I am debugging some pre-99 C code. I have a logical contradiction as
follows (btw the printf stuff is my diagnostics):

float Sum=0.0;
float N

printf("Sum before: %.15f\n", Sum);

Sum += N * Log(N); <--- this is the original line of code

printf("N: %.15f\n", N);
printf("Log(N): %.15f\n", Log(N));
printf("Product of N and Log(N): %.15f\n", N * Log(N));
printf("Sum: %.15f\n", Sum)

The results are as follows:

Sum Before: 0.000000000000000
N: 4322.00000000000000
Log(N): 12.077483366859508
Product of N and Log(N): 52198.883068346796790
Sum: 52198.882812500000000

what confuses me is the value of Sum.

When I multiply N and Log(N) by hand calculator I get:

4322 * 12.077483366859508 = 52198.883068346793576

but this value does not tally with the valaue of Sum which starts to
differ in the 3rd decimal place i.e.

52198.882812500000000
^
starts to differ here for some reason.

For the life of me I do not understand why this is occuring? That is,
why the apparent contradiction between the RHS and the LHS of the
simple line of code:

Sum += N * Log(N);

it can't be the "+=" operator can it? I've heard about round-off
error but this just stumps me. Can anyone please help me. Would
greatly appreciate any comments/code-sampels/explanations/suggestions/
insight that you may be able to offer.
[...]

PS: Don't worry about Log(N) - just is just a macro and gets the
value: log(N) / log(2)

It would be a lot easier to help you if you posted actual code.
You've obviously re-typed the above code rather than copying and
pasting it from your actual program (note the missing semicolons on
the declaration of N and the last printf, and the fact that the
spacing of the presented output differs from what would be produced by
your printf calls). If you don't know what the problem is, then
almost by definition you don't know which part of your program we need
to see.

In any case, the problem is that the log() function returns a result
of type double, but you're storing your results in variables of type
float, discarding some of your precision. Your second and third
printf calls print double values directly; your fourth prints the
value of a float object (the value is implicitly promoted to double,
but that doesn't restore the lost precision).

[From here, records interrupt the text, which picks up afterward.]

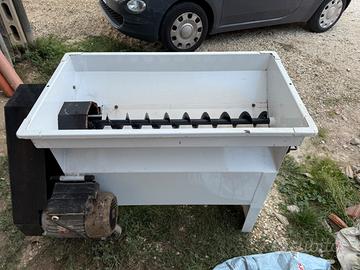 Pigia-diraspatrice uva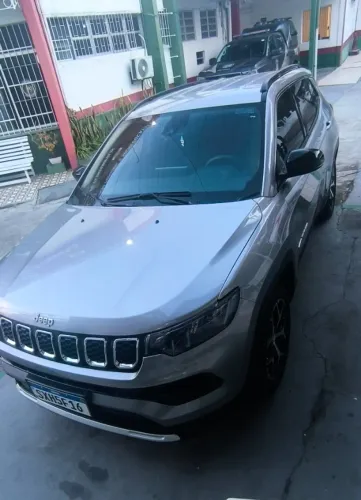 Jeep Compass Long. T270 1.3 TB 4X2 Flex AUT 2025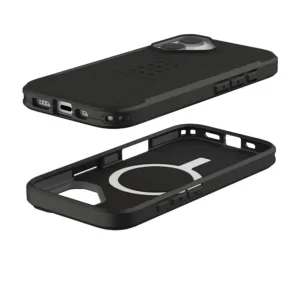 UAG รุ่น Civilian (Magsafe) - เคส iPhone 17 - สี Black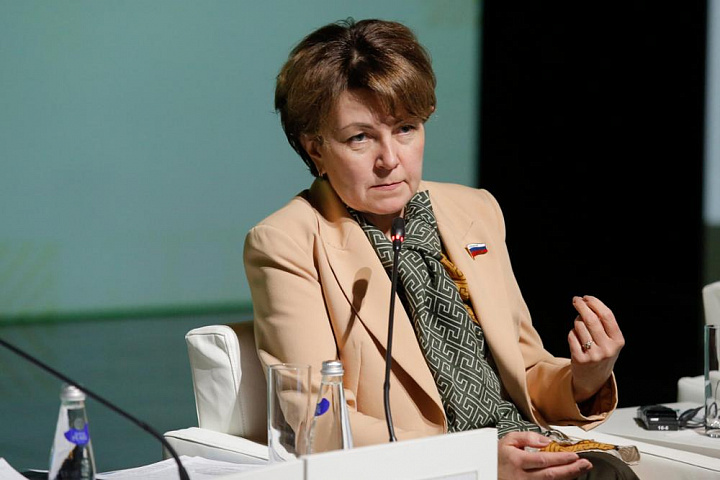 Третий Евразийский Женский Форум, 13-15 октября 2021 года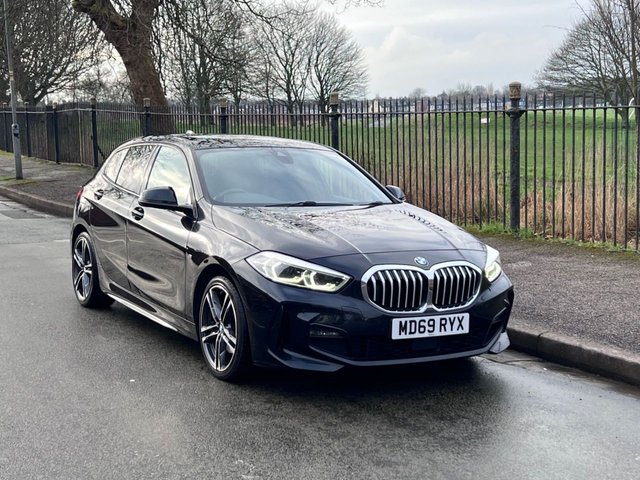 2020 BMW 1 Series 1.5L M Sport 5dr - Photo 7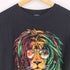 THE DUCK CO メキシコ製 アニマルプリント Tシャツ メンズ import:L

It's almost always better to use double rather than float (or long
double if you need even more precision and your compiler uses a wider
representation for long double than for double). The only real reason
to use float is to save space in memory; for just a few variables, the
space saving is insignificant, and could easily be wiped out by the
increase in code size.

Keith Thompson · Mar 6, 2009

badger said:
is it the casting? i.e. double instead of float?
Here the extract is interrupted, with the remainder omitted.